Asked if he thought the Turkish side had been convinced by the president’s stance that the Enosis vote had been wrong, Christodoulides said the president does not make statements on the basis of what the Turkish side wants to hear from him, but rather expresses his own views.

He had clearly stated his disagreement with the substance of the vote and cited the reasons why he disagreed. Christodoulides referred to the National Council declaration that the Turkish side had overreacted, saying the president had been the one to raise the vote issue at the meeting.

“Since then, ten days have passed during which the Turkish Cypriot side has cancelled the meetings of the negotiators and working groups and Mr Akinci created a problem with his departure from the last leaders’ meeting,” he said

Referring to Cavusoglu’s visit to the north, Christodoulides said it remained to be seen what the outcome would be as far as the talks were concerned.


Akinci said on Sunday that Anastasiades currently has his mind pulled in two directions, one focused on a solution and the other the presidential elections next year.

In an interview with Kathimerini, Akinci said that there were dark clouds forming and it was up to Anastasiades to dissolve them.

“The mind of Mr Anastasiades has been divided into two parts, one thinks of the solution and the other elections,” Akinci was quoted as saying and he wondered how under the current circumstances steps could be taken towards a solution.

Monday’s Turkish press reports from the north had Akinci repeating his two demands even though Anastasiades has conceded the Enosis vote was wrong but to try and have it annulled would pit him against parliament, and party leaders make up the bulk of the National Council.

“If this step is taken, we will re-evaluate the situation,” said Akinci.

He added that Enosis has been “the source of all the problems we have experienced”, referring to past history that ultimately led to the island’s division.

The Turkish Cypriot leader questioned what would stop the same political parties from coming together post-solution and asking for an amendment to the constitution, just like President Makarios had done in 1963.

“This event has shown us that even a small party with two seats could drag the majority with it,” said Akinci. “It has shown us how necessary security and the deterrence of Turkey’s effective guarantees are and how right the Turkish Cypriots are when they ask for these guarantees.”

And now, he said, Anastasiades was calling on him to return to the negotiating table.

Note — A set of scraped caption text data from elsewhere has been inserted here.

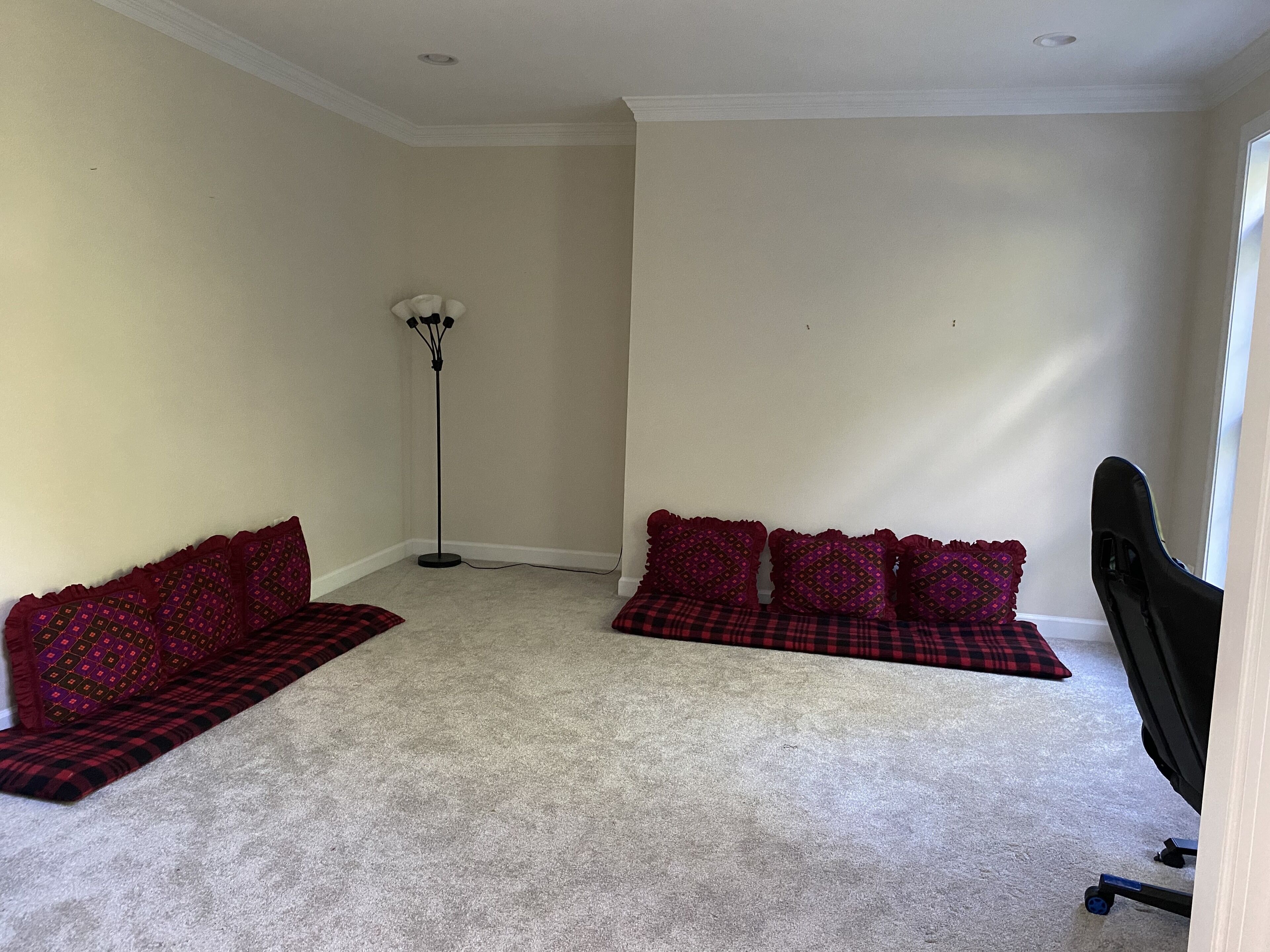 A carpeted room with a sofa set and a standing floor lamp.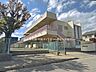 周辺：幼稚園・保育園 800m 中新井保育園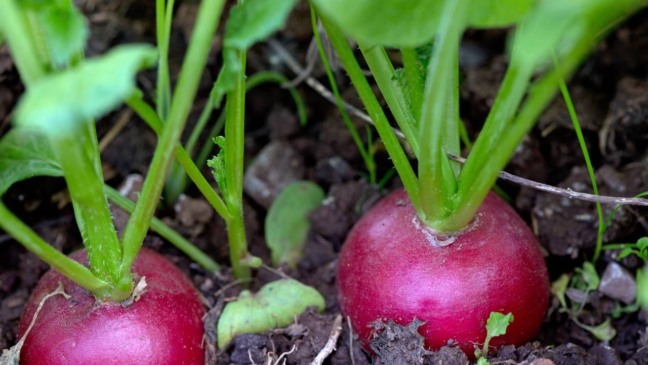 Antes de iniciar o plantio de rabanete em vasos pequenos - Créditos: depositphotos.com / swkunst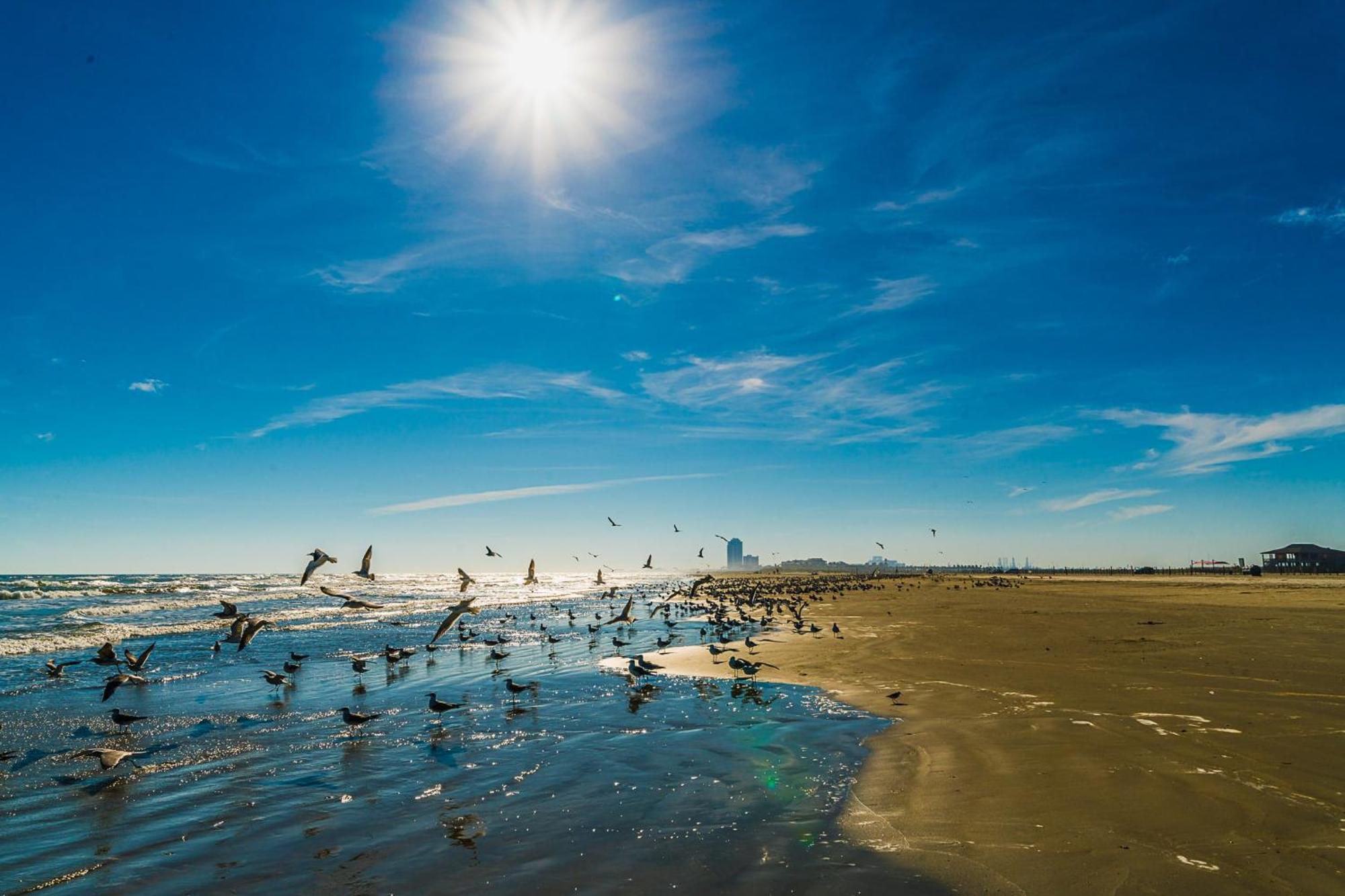 Beachside Paradise Retreat With Luxury Villa Galveston Buitenkant foto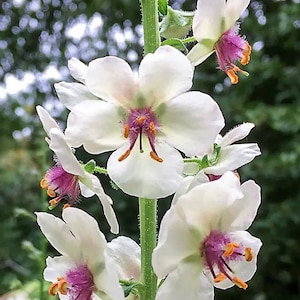 Verbascum blattaria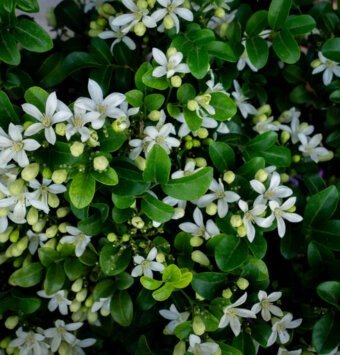 שיח מוריה מכבדית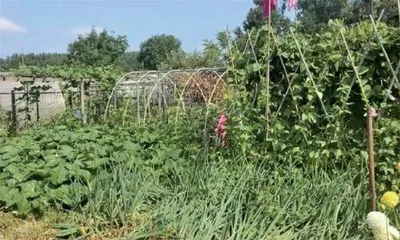 来看荷兰“李子柒” 们的操作如何实现有机蔬菜⾃由︖6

“They [Greek Cypriots] still find it difficult to accept the political equality of the Turkish Cypriots. If they continue… no result will come out from the negotiations anyway. Correcting this is in their hands.”

 Disy leader Averof Neophytou on Sunday conceded that the Enosis vote in the House over a week ago, from which his party abstained rather than oppose, might have been untimely given the status of the Cyprus negotiations but said the over reaction by the Turkish Cypriot side could give the impression that others were trying to get out of the talks.

“I want to be very clear that using a mere informative reference to an historical fact as an excuse… even though we recognise that it was untimely… or to create an impasse in the negotiations, either to be used as an excuse to justify the outdated system of 1960 guarantees is not just an overreaction, but gives the impression that others are trying to find a way to get out of the negotiations,” he said.

This, he added, was regardless of whether “we believe that it is not for the parliament to determine what historical references should apply to schools.”

“Our job is to keep alive our history…and already our party has filed a law proposal to transfer this responsibility to the ministry of education,” he added.

Neophytou said historical memory should not be a barrier to the Cyprus problem. A viable solution could only be based on mutual respect and not brinkmanship, he said.